## PROBLEM REQUIREMENTS
Give the entries again, exactly as they stand.

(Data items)
----------

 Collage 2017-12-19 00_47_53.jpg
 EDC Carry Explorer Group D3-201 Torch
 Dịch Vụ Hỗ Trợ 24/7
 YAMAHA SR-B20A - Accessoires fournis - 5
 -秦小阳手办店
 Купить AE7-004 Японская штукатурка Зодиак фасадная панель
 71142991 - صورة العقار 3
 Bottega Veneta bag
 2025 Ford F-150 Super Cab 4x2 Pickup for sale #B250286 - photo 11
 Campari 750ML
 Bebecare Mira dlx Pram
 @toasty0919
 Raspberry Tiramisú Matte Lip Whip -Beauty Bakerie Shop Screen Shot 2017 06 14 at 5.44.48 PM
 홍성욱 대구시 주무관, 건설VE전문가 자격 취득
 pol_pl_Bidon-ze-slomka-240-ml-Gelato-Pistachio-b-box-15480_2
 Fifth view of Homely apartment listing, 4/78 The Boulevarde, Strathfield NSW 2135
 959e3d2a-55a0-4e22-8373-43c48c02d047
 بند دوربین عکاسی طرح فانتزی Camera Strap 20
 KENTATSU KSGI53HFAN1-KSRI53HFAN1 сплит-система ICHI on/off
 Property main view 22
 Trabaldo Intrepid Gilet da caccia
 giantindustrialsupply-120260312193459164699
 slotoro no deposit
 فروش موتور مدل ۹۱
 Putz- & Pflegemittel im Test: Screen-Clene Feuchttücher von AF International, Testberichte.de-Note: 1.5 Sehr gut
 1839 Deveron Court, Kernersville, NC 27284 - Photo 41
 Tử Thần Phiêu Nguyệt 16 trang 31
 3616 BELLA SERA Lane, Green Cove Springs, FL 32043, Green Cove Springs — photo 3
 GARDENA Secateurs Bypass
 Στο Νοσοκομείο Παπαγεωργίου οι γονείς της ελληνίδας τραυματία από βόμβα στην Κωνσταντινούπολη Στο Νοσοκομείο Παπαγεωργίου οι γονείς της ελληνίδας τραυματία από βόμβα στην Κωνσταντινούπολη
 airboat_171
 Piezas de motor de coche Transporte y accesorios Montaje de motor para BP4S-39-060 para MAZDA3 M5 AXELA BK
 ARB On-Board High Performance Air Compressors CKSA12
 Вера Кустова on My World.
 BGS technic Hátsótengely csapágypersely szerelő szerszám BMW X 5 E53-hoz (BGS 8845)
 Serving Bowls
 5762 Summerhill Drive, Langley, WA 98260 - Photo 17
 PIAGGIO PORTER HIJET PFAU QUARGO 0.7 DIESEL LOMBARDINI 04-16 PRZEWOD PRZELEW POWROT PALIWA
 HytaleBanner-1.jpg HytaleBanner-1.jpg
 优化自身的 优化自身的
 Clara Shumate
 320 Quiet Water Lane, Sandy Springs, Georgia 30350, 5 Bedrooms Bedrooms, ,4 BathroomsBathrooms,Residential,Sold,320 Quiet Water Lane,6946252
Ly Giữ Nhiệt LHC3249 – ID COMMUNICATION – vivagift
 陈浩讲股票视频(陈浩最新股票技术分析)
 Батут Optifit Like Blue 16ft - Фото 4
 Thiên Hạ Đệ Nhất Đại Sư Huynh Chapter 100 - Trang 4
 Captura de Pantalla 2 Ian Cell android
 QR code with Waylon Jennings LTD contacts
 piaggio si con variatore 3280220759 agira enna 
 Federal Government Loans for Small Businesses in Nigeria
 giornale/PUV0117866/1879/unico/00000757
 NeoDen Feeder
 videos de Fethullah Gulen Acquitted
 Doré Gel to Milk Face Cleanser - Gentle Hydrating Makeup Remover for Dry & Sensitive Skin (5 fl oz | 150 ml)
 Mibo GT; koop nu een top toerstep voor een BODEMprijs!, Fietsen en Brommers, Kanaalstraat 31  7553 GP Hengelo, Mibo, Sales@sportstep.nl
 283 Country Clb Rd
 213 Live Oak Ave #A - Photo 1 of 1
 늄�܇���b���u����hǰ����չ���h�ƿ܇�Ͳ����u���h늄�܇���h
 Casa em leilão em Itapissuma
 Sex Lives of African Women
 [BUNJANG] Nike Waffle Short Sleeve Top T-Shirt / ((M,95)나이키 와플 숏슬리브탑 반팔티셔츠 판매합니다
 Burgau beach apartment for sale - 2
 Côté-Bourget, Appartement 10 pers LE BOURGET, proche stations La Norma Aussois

----------

## EXERCISE ANSWER
 Collage 2017-12-19 00_47_53.jpg
 EDC Carry Explorer Group D3-201 Torch
 Dịch Vụ Hỗ Trợ 24/7
 YAMAHA SR-B20A - Accessoires fournis - 5
 -秦小阳手办店
 Купить AE7-004 Японская штукатурка Зодиак фасадная панель
 71142991 - صورة العقار 3
 Bottega Veneta bag
 2025 Ford F-150 Super Cab 4x2 Pickup for sale #B250286 - photo 11
 Campari 750ML
 Bebecare Mira dlx Pram
 @toasty0919
 Raspberry Tiramisú Matte Lip Whip -Beauty Bakerie Shop Screen Shot 2017 06 14 at 5.44.48 PM
 홍성욱 대구시 주무관, 건설VE전문가 자격 취득
 pol_pl_Bidon-ze-slomka-240-ml-Gelato-Pistachio-b-box-15480_2
 Fifth view of Homely apartment listing, 4/78 The Boulevarde, Strathfield NSW 2135
 959e3d2a-55a0-4e22-8373-43c48c02d047
 بند دوربین عکاسی طرح فانتزی Camera Strap 20
 KENTATSU KSGI53HFAN1-KSRI53HFAN1 сплит-система ICHI on/off
 Property main view 22
 Trabaldo Intrepid Gilet da caccia
 giantindustrialsupply-120260312193459164699
 slotoro no deposit
 فروش موتور مدل ۹۱
 Putz- & Pflegemittel im Test: Screen-Clene Feuchttücher von AF International, Testberichte.de-Note: 1.5 Sehr gut
 1839 Deveron Court, Kernersville, NC 27284 - Photo 41
 Tử Thần Phiêu Nguyệt 16 trang 31
 3616 BELLA SERA Lane, Green Cove Springs, FL 32043, Green Cove Springs — photo 3
 GARDENA Secateurs Bypass
 Στο Νοσοκομείο Παπαγεωργίου οι γονείς της ελληνίδας τραυματία από βόμβα στην Κωνσταντινούπολη Στο Νοσοκομείο Παπαγεωργίου οι γονείς της ελληνίδας τραυματία από βόμβα στην Κωνσταντινούπολη
 airboat_171
 Piezas de motor de coche Transporte y accesorios Montaje de motor para BP4S-39-060 para MAZDA3 M5 AXELA BK
 ARB On-Board High Performance Air Compressors CKSA12
 Вера Кустова on My World.
 BGS technic Hátsótengely csapágypersely szerelő szerszám BMW X 5 E53-hoz (BGS 8845)
 Serving Bowls
 5762 Summerhill Drive, Langley, WA 98260 - Photo 17
 PIAGGIO PORTER HIJET PFAU QUARGO 0.7 DIESEL LOMBARDINI 04-16 PRZEWOD PRZELEW POWROT PALIWA
 HytaleBanner-1.jpg HytaleBanner-1.jpg
 优化自身的 优化自身的
 Clara Shumate
 320 Quiet Water Lane, Sandy Springs, Georgia 30350, 5 Bedrooms Bedrooms, ,4 BathroomsBathrooms,Residential,Sold,320 Quiet Water Lane,6946252
Ly Giữ Nhiệt LHC3249 – ID COMMUNICATION – vivagift
 陈浩讲股票视频(陈浩最新股票技术分析)
 Батут Optifit Like Blue 16ft - Фото 4
 Thiên Hạ Đệ Nhất Đại Sư Huynh Chapter 100 - Trang 4
 Captura de Pantalla 2 Ian Cell android
 QR code with Waylon Jennings LTD contacts
 piaggio si con variatore 3280220759 agira enna 
 Federal Government Loans for Small Businesses in Nigeria
 giornale/PUV0117866/1879/unico/00000757
 NeoDen Feeder
 videos de Fethullah Gulen Acquitted
 Doré Gel to Milk Face Cleanser - Gentle Hydrating Makeup Remover for Dry & Sensitive Skin (5 fl oz | 150 ml)
 Mibo GT; koop nu een top toerstep voor een BODEMprijs!, Fietsen en Brommers, Kanaalstraat 31  7553 GP Hengelo, Mibo, Sales@sportstep.nl
 283 Country Clb Rd
 213 Live Oak Ave #A - Photo 1 of 1
 늄�܇���b���u����hǰ����չ���h�ƿ܇�Ͳ����u���h늄�܇���h
 Casa em leilão em Itapissuma
 Sex Lives of African Women
 [BUNJANG] Nike Waffle Short Sleeve Top T-Shirt / ((M,95)나이키 와플 숏슬리브탑 반팔티셔츠 판매합니다
 Burgau beach apartment for sale - 2
 Côté-Bourget, Appartement 10 pers LE BOURGET, proche stations La Norma Aussois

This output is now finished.